起業支援白書では、「知見・ノウハウを有する職員の不足」「業務多忙で職員の確保が困難」「予算の確保が困難」が理由の上位でしたが(図4)、それ以外の障壁として、意思決定する予算策定時と、成果が見え始めるまでの時差は考えられないでしょうか。
図4 起業支援白書 問8-1 「『不十分である』とお答えの方は、その理由を以下の選択肢からお選びください。」(複数回答)
雇用創出への期待
起業支援白書の調査結果では、多くの自治体が創業支援の主たる目的を「雇用の創出」「地域企業の経済効果の波及」「税収の増加」(図5)においています。
図5 起業支援白書 問2-1
その他の多くの調査でも、自治体が創業支援を行う理由として「雇用の創出」等が上位に挙げられることが多い傾向にあります。これには、地域内で新たな雇用機会を生み出して税収につなげ、住民の生活向上につなげたいという期待が考えられます。
自治体の時間軸とベンチャー企業成長期間の時間差
ベンチャー企業(≓スタートアップ)が、創業してから実際に雇用を生み出すまでには一定の時間を要します。一般的には、事業の立ち上げから安定期に入るまでには5年以上、上場までには15年以上かかるといわれています(もちろんもっと短い企業もあります)。一方で、自治体の担当者は通常3年程度で役割が変わることが多く、さらに多くの自治体の事業が単年事業として予算が確保されているため、数年にわたる長期目線の支援は簡単ではありません(もちろん頑張っている自治体もたくさんあります)。このような自治体支援の時間軸とベンチャー企業の成長期間のミスマッチは、効果的な支援を行う上で障壁となってしまうのは想像に易いのではないでしょうか。それが、「起業支援施策が不十分である」という回答につながる一因ではないかと思われます。

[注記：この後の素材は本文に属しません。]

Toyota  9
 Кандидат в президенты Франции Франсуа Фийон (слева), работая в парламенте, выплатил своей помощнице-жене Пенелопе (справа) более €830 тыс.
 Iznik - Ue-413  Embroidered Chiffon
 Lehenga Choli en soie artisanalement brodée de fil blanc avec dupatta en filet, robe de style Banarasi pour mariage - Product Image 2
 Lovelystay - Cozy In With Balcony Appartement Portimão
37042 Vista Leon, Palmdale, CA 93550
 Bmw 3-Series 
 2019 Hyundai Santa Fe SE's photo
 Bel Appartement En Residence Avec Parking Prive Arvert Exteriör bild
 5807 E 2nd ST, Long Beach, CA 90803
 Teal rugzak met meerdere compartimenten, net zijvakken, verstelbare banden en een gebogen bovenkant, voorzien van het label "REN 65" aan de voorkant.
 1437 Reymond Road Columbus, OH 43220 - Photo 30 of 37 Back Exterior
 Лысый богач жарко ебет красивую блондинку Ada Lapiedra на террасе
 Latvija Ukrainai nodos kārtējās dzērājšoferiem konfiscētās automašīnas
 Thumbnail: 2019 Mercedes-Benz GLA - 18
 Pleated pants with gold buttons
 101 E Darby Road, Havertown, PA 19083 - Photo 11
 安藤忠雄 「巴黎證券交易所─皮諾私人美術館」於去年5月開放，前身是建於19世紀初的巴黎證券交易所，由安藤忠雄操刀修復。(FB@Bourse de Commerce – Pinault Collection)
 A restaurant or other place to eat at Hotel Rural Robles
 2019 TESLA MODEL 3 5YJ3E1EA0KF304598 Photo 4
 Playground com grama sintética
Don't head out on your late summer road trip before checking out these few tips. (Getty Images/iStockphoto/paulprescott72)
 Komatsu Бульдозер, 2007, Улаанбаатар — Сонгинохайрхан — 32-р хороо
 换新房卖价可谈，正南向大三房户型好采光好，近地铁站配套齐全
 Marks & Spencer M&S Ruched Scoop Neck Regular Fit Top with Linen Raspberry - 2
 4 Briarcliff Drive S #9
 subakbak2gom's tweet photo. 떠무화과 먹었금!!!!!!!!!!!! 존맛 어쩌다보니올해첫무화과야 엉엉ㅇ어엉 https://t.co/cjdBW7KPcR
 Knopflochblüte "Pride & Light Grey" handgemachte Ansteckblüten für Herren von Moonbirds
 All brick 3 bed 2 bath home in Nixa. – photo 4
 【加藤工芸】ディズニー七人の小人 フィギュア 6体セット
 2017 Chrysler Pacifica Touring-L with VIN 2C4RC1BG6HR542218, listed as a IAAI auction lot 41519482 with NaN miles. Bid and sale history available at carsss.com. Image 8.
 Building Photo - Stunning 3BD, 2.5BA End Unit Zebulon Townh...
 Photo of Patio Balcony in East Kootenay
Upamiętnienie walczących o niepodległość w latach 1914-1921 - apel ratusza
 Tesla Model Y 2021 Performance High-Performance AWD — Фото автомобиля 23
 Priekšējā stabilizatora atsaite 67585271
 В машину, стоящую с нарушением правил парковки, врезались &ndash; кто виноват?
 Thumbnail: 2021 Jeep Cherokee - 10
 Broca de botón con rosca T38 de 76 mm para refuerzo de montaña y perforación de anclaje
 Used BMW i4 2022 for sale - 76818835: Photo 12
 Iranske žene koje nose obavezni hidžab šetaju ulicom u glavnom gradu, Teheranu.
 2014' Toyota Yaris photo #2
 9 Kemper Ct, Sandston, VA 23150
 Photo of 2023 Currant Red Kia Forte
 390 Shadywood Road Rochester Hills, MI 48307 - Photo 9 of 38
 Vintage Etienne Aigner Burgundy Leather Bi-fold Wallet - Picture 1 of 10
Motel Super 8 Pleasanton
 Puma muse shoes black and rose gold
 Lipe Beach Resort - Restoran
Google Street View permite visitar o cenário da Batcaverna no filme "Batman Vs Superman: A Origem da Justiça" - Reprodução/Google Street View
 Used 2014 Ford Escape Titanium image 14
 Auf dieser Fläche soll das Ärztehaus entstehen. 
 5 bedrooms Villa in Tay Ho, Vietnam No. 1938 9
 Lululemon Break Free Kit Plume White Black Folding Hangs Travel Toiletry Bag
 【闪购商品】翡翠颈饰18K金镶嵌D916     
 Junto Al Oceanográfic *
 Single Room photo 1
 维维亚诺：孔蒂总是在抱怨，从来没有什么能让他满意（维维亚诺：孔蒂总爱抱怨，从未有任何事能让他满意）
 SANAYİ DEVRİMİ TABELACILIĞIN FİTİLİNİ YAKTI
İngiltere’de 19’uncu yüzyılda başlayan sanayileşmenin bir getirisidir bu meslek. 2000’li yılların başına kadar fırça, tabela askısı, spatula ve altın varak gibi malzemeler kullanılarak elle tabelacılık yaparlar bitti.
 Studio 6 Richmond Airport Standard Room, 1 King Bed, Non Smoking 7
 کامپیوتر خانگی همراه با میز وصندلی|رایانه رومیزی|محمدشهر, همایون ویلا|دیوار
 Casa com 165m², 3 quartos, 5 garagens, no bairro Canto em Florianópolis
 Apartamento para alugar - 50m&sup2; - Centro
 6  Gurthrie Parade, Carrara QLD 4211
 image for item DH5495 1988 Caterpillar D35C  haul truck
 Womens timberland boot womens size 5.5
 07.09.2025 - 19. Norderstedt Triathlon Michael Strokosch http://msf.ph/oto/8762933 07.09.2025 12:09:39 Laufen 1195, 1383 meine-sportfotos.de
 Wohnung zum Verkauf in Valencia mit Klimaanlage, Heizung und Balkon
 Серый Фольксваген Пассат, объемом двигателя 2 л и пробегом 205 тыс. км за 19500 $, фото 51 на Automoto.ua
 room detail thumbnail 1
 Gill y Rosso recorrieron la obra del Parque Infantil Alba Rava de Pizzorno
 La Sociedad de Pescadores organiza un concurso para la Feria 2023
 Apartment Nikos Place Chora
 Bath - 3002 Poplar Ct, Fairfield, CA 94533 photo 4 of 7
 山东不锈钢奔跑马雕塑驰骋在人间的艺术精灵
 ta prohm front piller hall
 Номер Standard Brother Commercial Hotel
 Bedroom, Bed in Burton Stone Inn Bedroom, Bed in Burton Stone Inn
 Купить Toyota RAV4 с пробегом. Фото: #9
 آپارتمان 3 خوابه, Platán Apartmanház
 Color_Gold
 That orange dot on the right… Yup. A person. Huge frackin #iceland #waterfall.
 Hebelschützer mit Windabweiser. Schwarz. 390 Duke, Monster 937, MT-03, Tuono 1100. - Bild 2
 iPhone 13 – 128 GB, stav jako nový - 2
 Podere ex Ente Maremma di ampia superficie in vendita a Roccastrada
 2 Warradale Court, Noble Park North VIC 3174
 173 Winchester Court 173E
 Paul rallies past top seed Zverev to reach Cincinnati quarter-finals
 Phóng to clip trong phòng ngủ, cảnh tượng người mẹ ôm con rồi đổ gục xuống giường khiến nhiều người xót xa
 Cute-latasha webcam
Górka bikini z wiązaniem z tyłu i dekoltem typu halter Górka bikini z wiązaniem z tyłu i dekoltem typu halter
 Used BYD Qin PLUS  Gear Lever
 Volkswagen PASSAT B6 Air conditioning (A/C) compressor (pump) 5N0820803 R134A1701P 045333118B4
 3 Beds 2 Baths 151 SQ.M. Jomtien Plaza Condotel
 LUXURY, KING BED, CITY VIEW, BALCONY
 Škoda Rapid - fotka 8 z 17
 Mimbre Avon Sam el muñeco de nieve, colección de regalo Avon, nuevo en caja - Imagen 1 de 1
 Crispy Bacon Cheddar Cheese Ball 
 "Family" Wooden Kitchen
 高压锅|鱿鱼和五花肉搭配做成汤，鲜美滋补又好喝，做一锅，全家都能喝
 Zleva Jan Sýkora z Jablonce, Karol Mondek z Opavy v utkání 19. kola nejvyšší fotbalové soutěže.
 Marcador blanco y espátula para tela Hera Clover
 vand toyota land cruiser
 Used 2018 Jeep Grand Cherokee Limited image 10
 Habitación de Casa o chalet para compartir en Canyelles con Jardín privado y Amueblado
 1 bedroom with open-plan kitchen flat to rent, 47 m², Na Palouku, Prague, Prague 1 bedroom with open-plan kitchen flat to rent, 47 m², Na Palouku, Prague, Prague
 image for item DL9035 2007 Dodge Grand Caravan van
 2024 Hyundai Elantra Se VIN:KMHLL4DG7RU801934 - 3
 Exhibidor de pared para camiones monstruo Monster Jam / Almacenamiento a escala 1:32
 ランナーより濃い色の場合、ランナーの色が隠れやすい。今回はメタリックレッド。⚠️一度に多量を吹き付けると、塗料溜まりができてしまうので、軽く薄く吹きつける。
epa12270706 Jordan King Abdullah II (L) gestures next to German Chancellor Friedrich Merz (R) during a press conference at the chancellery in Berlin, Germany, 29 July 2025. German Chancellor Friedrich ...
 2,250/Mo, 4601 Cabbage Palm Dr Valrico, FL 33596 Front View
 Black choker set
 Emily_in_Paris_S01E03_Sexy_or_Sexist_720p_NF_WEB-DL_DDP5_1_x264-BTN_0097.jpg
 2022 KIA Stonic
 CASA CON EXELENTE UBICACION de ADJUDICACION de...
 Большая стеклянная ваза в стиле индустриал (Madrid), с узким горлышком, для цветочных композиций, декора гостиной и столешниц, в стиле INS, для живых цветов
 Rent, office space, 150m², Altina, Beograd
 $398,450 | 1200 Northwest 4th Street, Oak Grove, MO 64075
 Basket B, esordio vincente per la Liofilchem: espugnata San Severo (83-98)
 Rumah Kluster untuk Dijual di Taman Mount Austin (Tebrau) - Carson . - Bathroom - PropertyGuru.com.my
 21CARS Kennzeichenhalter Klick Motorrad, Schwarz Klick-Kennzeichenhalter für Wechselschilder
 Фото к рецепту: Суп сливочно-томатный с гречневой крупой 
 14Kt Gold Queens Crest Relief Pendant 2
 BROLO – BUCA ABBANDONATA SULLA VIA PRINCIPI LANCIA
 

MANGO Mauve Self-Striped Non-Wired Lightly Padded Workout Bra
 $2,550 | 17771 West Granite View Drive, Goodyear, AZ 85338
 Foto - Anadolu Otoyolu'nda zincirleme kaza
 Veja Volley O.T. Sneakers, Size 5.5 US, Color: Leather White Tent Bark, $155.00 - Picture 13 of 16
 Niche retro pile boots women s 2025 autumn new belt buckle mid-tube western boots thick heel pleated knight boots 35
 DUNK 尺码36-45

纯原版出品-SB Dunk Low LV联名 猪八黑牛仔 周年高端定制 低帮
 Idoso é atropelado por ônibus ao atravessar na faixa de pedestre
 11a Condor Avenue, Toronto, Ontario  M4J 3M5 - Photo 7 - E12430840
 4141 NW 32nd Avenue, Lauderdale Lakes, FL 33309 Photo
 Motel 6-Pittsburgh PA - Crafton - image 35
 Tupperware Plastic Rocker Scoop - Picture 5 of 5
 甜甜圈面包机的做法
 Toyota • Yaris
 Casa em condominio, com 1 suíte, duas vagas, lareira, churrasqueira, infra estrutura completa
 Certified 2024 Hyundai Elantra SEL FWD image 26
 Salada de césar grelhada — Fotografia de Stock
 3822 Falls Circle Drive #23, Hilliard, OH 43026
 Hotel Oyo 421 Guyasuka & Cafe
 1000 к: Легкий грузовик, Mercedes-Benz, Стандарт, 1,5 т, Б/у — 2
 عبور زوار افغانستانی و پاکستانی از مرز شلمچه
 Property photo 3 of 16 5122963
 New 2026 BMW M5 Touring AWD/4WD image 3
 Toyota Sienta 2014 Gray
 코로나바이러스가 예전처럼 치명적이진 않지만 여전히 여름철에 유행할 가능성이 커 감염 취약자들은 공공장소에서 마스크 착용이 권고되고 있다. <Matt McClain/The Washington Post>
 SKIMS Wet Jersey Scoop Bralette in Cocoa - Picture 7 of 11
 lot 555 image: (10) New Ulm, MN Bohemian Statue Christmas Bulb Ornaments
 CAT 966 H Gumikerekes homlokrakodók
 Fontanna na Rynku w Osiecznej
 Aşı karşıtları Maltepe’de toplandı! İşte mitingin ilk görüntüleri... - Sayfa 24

では、「起業支援施策は十分である、充足している」と回答している自治体は、どのような自治体でしょうか。
人口・予算規模に比例する大都市の好循環
「起業支援策が十分である」とは、回答した担当者が「成果が出始めている」と実感している状態でしょう。
では、成果が出始めている自治体には、どのような特徴があるのでしょうか。
起業支援の取り組みを予算額とその増減から見てみると、地域間格差の存在を確認することができます(図6・7・8)。人口50万人以上の大都市では、創業支援予算が5000万円を超える割合が増え、かつ予算の推移も増加傾向にあることがわかります。人口100万人以上の自治体の3分の2が、予算額2億円超です(図7)。例えば、東京都や都下の自治体、大阪府や愛知県などでは、スタートアップ向けのインキュベーション施設の整備や、大規模な創業支援イベントの開催など、充実した支援策が展開されています。これにより起業家やスタートアップが輩出され、税収が増加し、さらなる創業支援の拡充につながる好循環が生まれています。実際、東京都や福岡県、大阪府などの新設法人設立率は、全国平均を大きく上回っています(2023年「全国新設法人動向」調査より)。
図6 起業支援白書 問6
図7 起業支援白書 問6 クロス集計(人口別)「起業支援に係る予算額の概数」
図8 起業支援白書 問6-1 クロス集計(人口別)「起業支援に係る予算増の変動」
中~小規模自治体と大都市の支援策格差
一方、人口が50万人までの中規模~小規模な自治体では創業支援の予算額が「0〜1000万円未満」が71.5%と最多(図6)であり、好循環を生み出すことが難しい状況です。限られた予算で効果的な支援策を展開することが求められていますが、支援の質・量の両面で大都市との格差が広がっています。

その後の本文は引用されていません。